## TASK GOAL
The material below should be copied line for line, please, with pictures omitted.

## DATA SHOWN

★ ★ ★ ★ ★

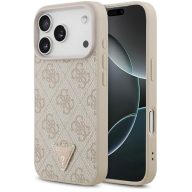   Guess Leather 4G Triangle Strass iPhone 17 Pro Max kemény hátlap tok, rózsaszín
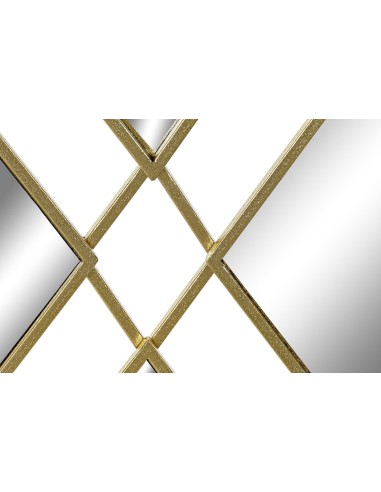 ESPEJO METAL ROMBOS DORADO 63*90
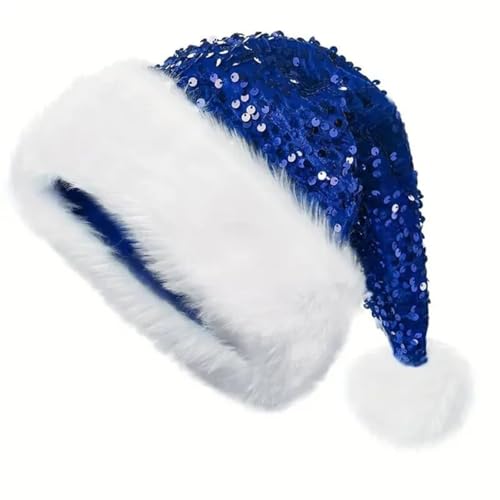 Hasdnker Strickmützen Hüte Mützen Caps Beanie Mütze Beanie Weihnachtsmütze Mit Pailletten, Plüsch, Einfarbig, Funkelnde Weihnachtsmannmütze Mit Langem, Flauschigem Pompom Für Erwachsene Und von Hasdnker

★ ★ ★ ★ ★

## WORKED SOLUTION
   Guess Leather 4G Triangle Strass iPhone 17 Pro Max kemény hátlap tok, rózsaszín
 ESPEJO METAL ROMBOS DORADO 63*90
 Hasdnker Strickmützen Hüte Mützen Caps Beanie Mütze Beanie Weihnachtsmütze Mit Pailletten, Plüsch, Einfarbig, Funkelnde Weihnachtsmannmütze Mit Langem, Flauschigem Pompom Für Erwachsene Und von Hasdnker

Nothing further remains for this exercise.